- **Supplied data**
--- START ---

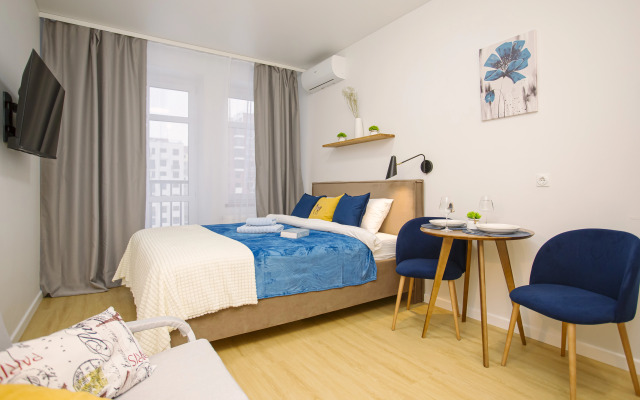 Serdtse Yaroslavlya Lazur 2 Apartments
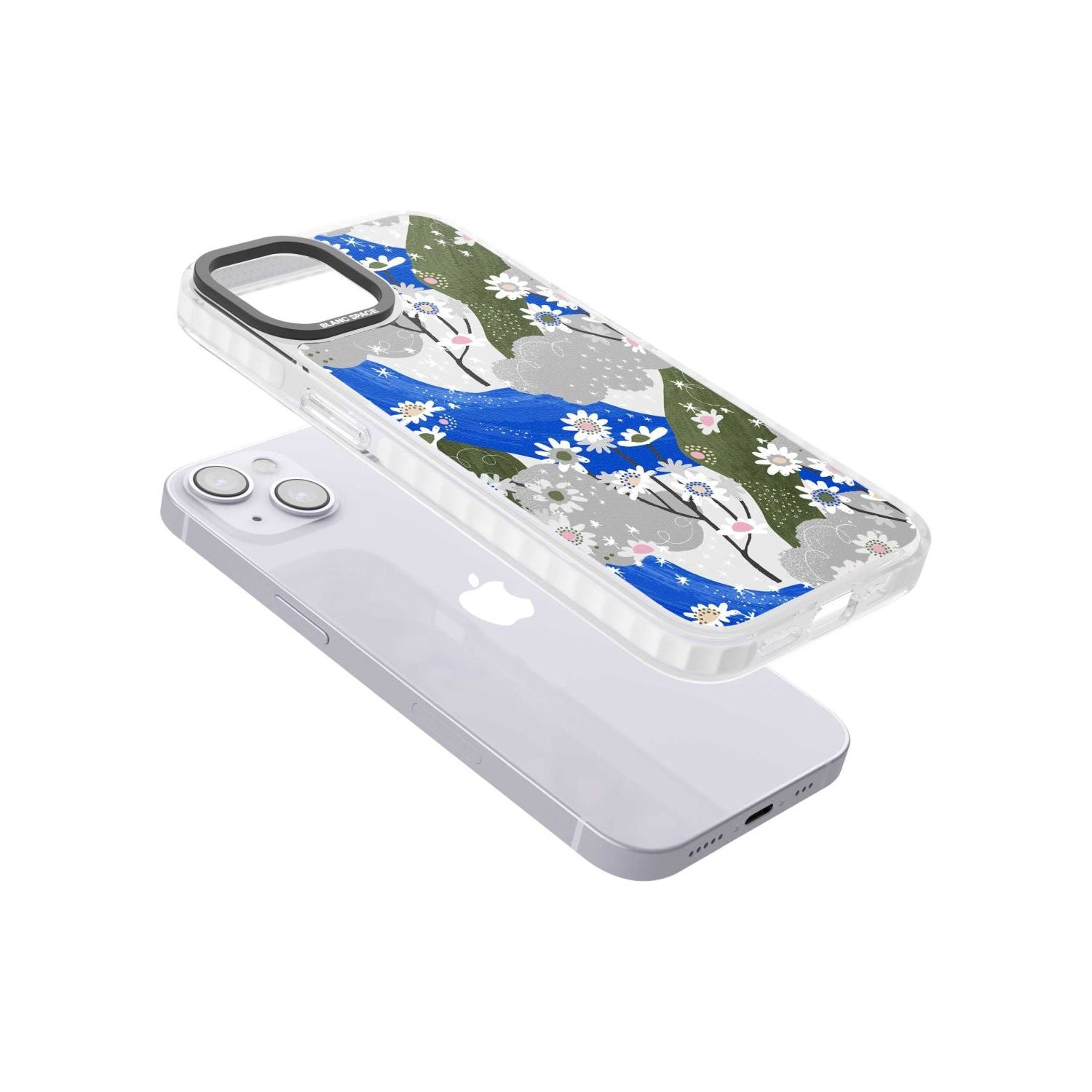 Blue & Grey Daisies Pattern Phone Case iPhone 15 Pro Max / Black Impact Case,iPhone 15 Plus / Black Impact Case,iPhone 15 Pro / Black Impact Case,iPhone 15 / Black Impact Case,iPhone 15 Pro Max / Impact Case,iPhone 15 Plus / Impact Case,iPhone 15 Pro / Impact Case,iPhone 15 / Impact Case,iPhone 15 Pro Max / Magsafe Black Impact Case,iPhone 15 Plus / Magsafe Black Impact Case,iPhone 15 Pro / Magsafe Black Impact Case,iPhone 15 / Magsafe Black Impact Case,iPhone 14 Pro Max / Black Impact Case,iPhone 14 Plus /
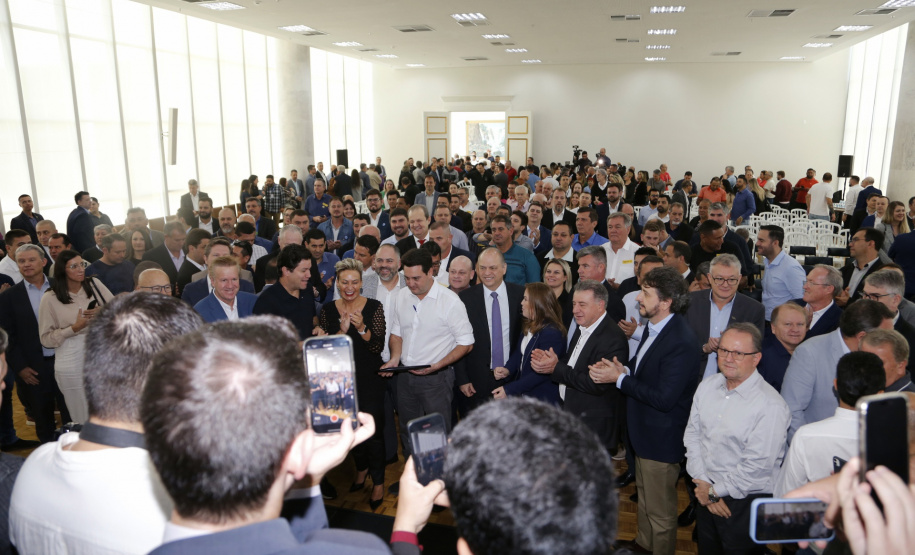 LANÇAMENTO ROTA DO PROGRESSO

--- END ---

Across the whole listing, reproduce each line verbatim and exclude every picture.

- **Written answer**
 Serdtse Yaroslavlya Lazur 2 Apartments
 Blue & Grey Daisies Pattern Phone Case iPhone 15 Pro Max / Black Impact Case,iPhone 15 Plus / Black Impact Case,iPhone 15 Pro / Black Impact Case,iPhone 15 / Black Impact Case,iPhone 15 Pro Max / Impact Case,iPhone 15 Plus / Impact Case,iPhone 15 Pro / Impact Case,iPhone 15 / Impact Case,iPhone 15 Pro Max / Magsafe Black Impact Case,iPhone 15 Plus / Magsafe Black Impact Case,iPhone 15 Pro / Magsafe Black Impact Case,iPhone 15 / Magsafe Black Impact Case,iPhone 14 Pro Max / Black Impact Case,iPhone 14 Plus /
 LANÇAMENTO ROTA DO PROGRESSO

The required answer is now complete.